Saved data entries
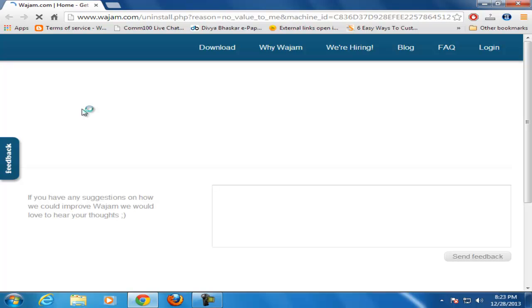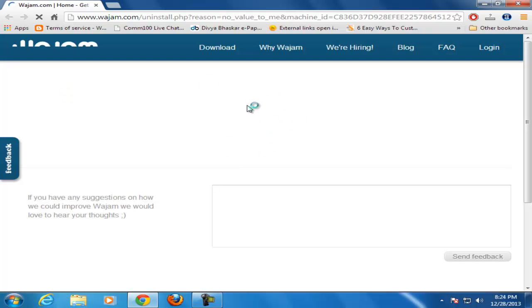In this video, you see Vajam.com toolbar is uninstalled from your computer. You have successfully uninstalled Waijam from your browser.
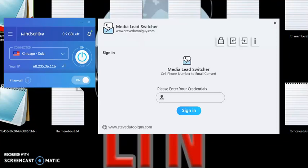Hey, this is TitoToolGuy. I want to thank you for coming out to another video about Media Leads Switcher.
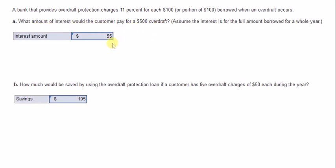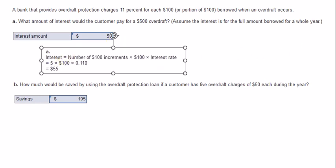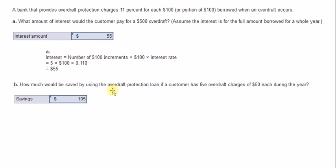The answer is $55. We calculate the interest by taking the number of $100 increments, which is five for a $500 overdraft. So 500 divided by 100 gives us five increments, times $100, times 11%, and that's how you get the $55.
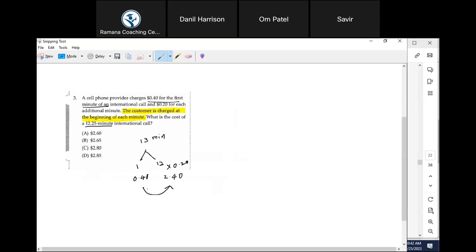So what is the total? 2 dollars and 80 cents. Is that clear to everyone? Right? So please pay attention to the details.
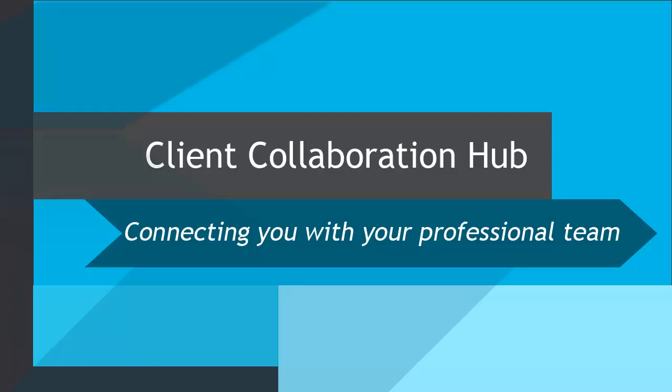You should keep your personal information up to date. This will ensure you can log into your Collaboration Hub, and that you'll receive important messages from your professional team. We hope you found this lesson helpful. Thank you.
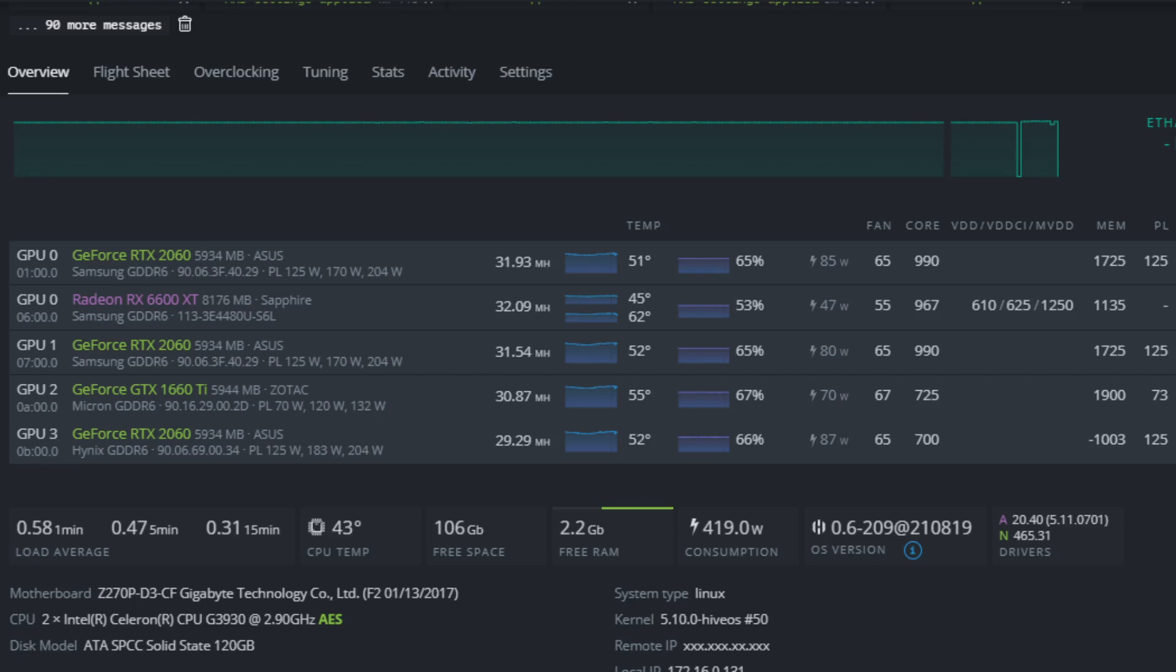Hello, I'm doing a quick video to show you the hash rate of the RX 6600 XT mining Ethereum and what settings I'm using inside of HiveOS.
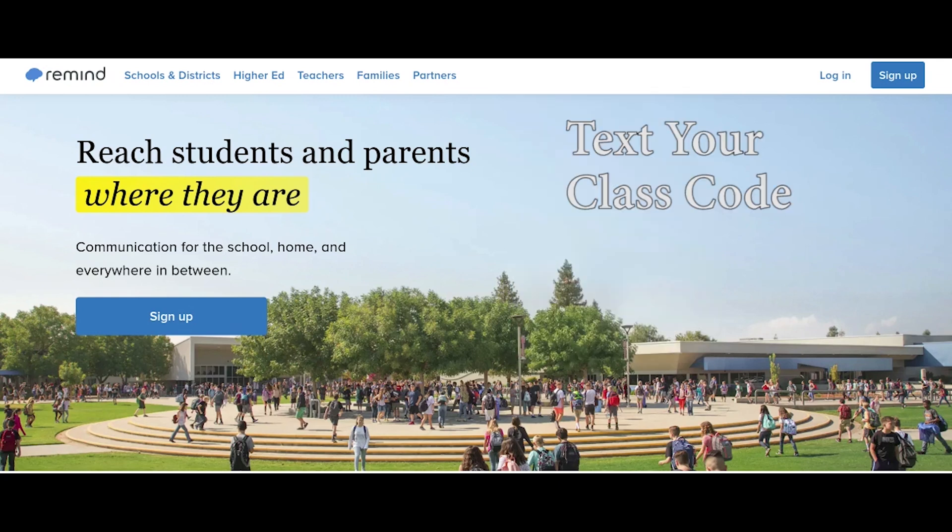Text this class code to 81010 to join your class on Remind.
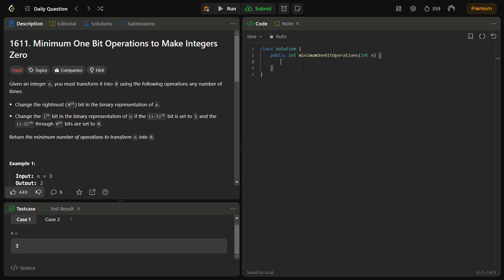Do like the video, subscribe to the channel if you are new, and share it with your friends. We are going to use bit manipulation with recursion. The goal is to find the minimum number of operations to transform the given integer into 0, with each operation involving changing a specific bit as per the given rules.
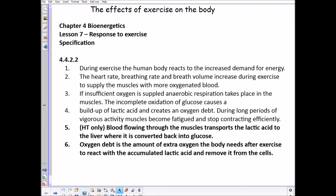Today's lesson is the last lesson on the energetic topic and the respiration part of that. It follows on from last week's lesson on anaerobic respiration and is about the effects of exercise on the body. These are the specification links — please note there is some part that says 'for higher tier only,' which we will come back to at the end.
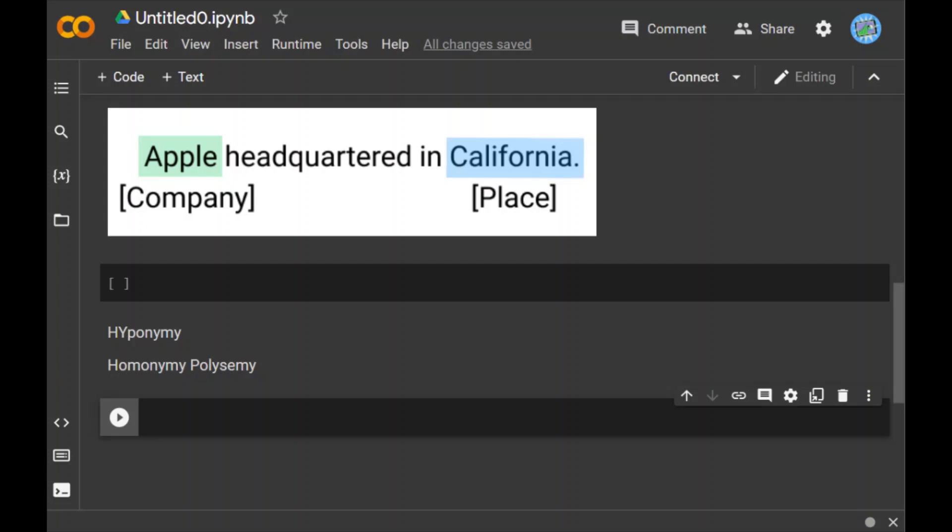And the next element is polysemy. Polysemy is a Greek word that means many signs. It is a word or phrase with different but related senses. In other words, we can say that polysemy has the same spelling but different and related meanings. For example, the word bank B-A-N-K is a polysemy word. How is it a polysemy word? Because a bank is a financial institution, the building in which such an institution is located, and a synonym for to rely on.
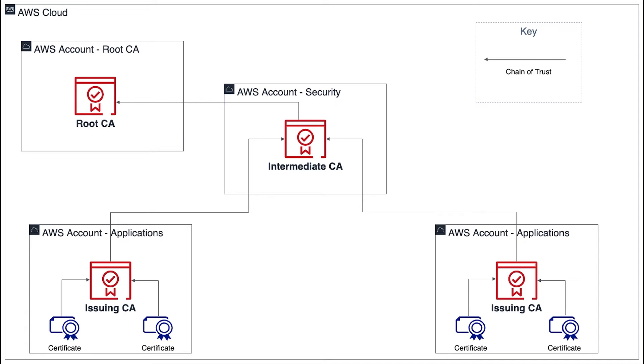Lastly, we have application accounts that contain issuing CAs signed by the intermediate CA in the security account to issue end-entity certificates for use in your applications.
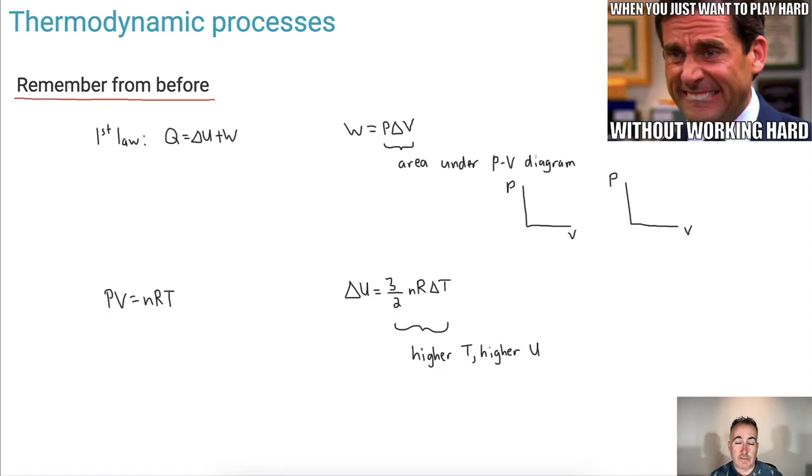In this video, we're going to be discussing different thermodynamic processes, and they're all related to work and energy.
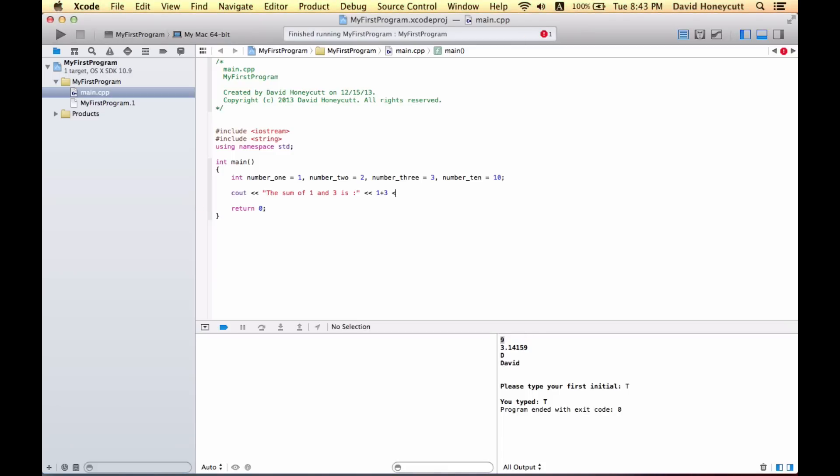Okay, so what this does is it's going to output the text 'the sum of one and three is colon,' and then it outputs the sum of one plus three.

» WORK INSTRUCTION
Quote the records in full and exactly; skip any image.

» EXERCISE SOLUTION
In this video, you see Vajam.com toolbar is uninstalled from your computer. You have successfully uninstalled Waijam from your browser.
Hey, this is TitoToolGuy. I want to thank you for coming out to another video about Media Leads Switcher.
The answer is $55. We calculate the interest by taking the number of $100 increments, which is five for a $500 overdraft. So 500 divided by 100 gives us five increments, times $100, times 11%, and that's how you get the $55.
So what is the total? 2 dollars and 80 cents. Is that clear to everyone? Right? So please pay attention to the details.
You should keep your personal information up to date. This will ensure you can log into your Collaboration Hub, and that you'll receive important messages from your professional team. We hope you found this lesson helpful. Thank you.
Hello, I'm doing a quick video to show you the hash rate of the RX 6600 XT mining Ethereum and what settings I'm using inside of HiveOS.
Text this class code to 81010 to join your class on Remind.
Do like the video, subscribe to the channel if you are new, and share it with your friends. We are going to use bit manipulation with recursion. The goal is to find the minimum number of operations to transform the given integer into 0, with each operation involving changing a specific bit as per the given rules.
Today's lesson is the last lesson on the energetic topic and the respiration part of that. It follows on from last week's lesson on anaerobic respiration and is about the effects of exercise on the body. These are the specification links — please note there is some part that says 'for higher tier only,' which we will come back to at the end.
And the next element is polysemy. Polysemy is a Greek word that means many signs. It is a word or phrase with different but related senses. In other words, we can say that polysemy has the same spelling but different and related meanings. For example, the word bank B-A-N-K is a polysemy word. How is it a polysemy word? Because a bank is a financial institution, the building in which such an institution is located, and a synonym for to rely on.
Lastly, we have application accounts that contain issuing CAs signed by the intermediate CA in the security account to issue end-entity certificates for use in your applications.
In this video, we're going to be discussing different thermodynamic processes, and they're all related to work and energy.
Okay, so what this does is it's going to output the text 'the sum of one and three is colon,' and then it outputs the sum of one plus three.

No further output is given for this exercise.